On the other hand, if the user's utterance is determined by the survey computer 14 to be responsive in block S120, the process may proceed to block S122, where a persistent counter may be incremented in order to move the survey state to the next question in the survey (or to the next survey in a series of surveys). After the counter is updated, the process may proceed to block S116 where the next question is selected to be output to the user via the speaker 12. The process may be repeated and continued until the survey(s) are complete or until the user terminates the audio survey session or another termination event occurs. The user may terminate the session with an audio command, such as, for example, “stop survey” or any other termination command. Since the counter is persistent, the system may be able to determine where the user left off in the survey in a subsequent audio survey session, even after the current audio survey session is terminated.

Valid responses/responsive answers may be stored by e.g., survey computer 14 in, e.g., memory 24 and/or a survey results database. Accordingly, the responsive answers can be tabulated, organized, arranged and/or analyzed to produce useful information out of the survey results. For example, responsive answers related to consumer habits, such as favorite programs or sports teams, can be used to improve content offerings to particular consumers, e.g., consumers whose demographics overlap with demographics of survey respondents that indicated a preference for certain content offerings. Responsive answers may be analyzed and tabulated to provide other types of useful information, as well, in accordance with any known techniques for utilizing survey results.

Having described some example implementations of the techniques provided in this disclosure for data collection and survey conducting, some additional features are described below.

In some embodiments, one or more devices in the system will rely on existing or future Internet-based smart speaker APIs (e.g., AMAZON Ask and GOOGLE Actions APIs), and may map survey questions and answers to search “intents” algorithms to match expected answers to questions.

In some embodiments, one or more devices in the system provide an innovative solution that uses, but is not physically embodied within, user-owned computers and/or mobile devices to recruit and notify/communicate survey alerts to respondents.

In some embodiments, as an alternative to other 1) human and call center-based, 2) mail-based, 3) telephone, or 4) web browser-based surveys, elements of a smart speaker infrastructure may be used to create a more efficient survey structure. In some embodiments, software, executed by one or more processors described in this disclosure, may integrate voice services, speech recognition and natural language processing. In some embodiments, “intent,” “slot” and “utterances” applications may be used to streamline the process of identifying and validating responses to survey questions that are both likely and relevant/responsive.

In some embodiments, the techniques in this disclosure may be implemented using, for example, three modules, which may be stored at and/or implemented by, e.g., the survey computer 14 (such as via processing circuitry 22): 1) survey start, 2) survey respondent/user management, and 3) survey script creator.

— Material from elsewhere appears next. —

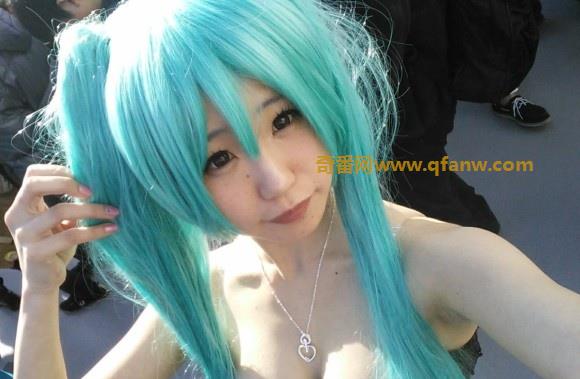 下乳露出的性感日本写真女优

The first module may permit survey respondents to launch the survey application, as well as, commence and terminate specific survey events. The second module may manage survey respondents individually (e.g., individual demographics) and collectively (e.g., all respondents to a particular survey). The third module may formulate specific collection, storage and management of data and opinions provided by any number of survey respondents (R1 . . . Rn) to any number of surveys (S1 . . . Sn) comprised of any number of questions (Q1 . . . Qn), where “n” can be any number greater than 1.

In some embodiments, the process used in any particular implementation may depend on the simultaneous operation of all such modules to provide one or more of the following features:

- Survey respondent may be invited to download a survey skill via a hyperlink in e.g., a text message or email message;
- Survey respondent may open the link and key in an introduction code, complete standard demographics survey (e.g., module 1 and 2);
- Survey respondent may be invited to a subsequent, subject/project-specific survey opportunity (e.g., module 3);
  - specific content of subject/project-specific surveys may be prepared in advance of the survey in a survey script;
  - survey script may integrate pre-built “intent,” “slot” and “utterances” and a natural language processing algorithm to e.g., apply a unique validation process to improve quality, reliability and projectability of survey responses (e.g., match survey response to relevant intents database); and
- Individual survey respondents, individual surveys and individual survey questions and answers captured and maintained in e.g., module 2 to keep track of respondents' survey status (S1 . . . Sn, start/stop status, outstanding survey invitations, etc.) and retrieve project analysis.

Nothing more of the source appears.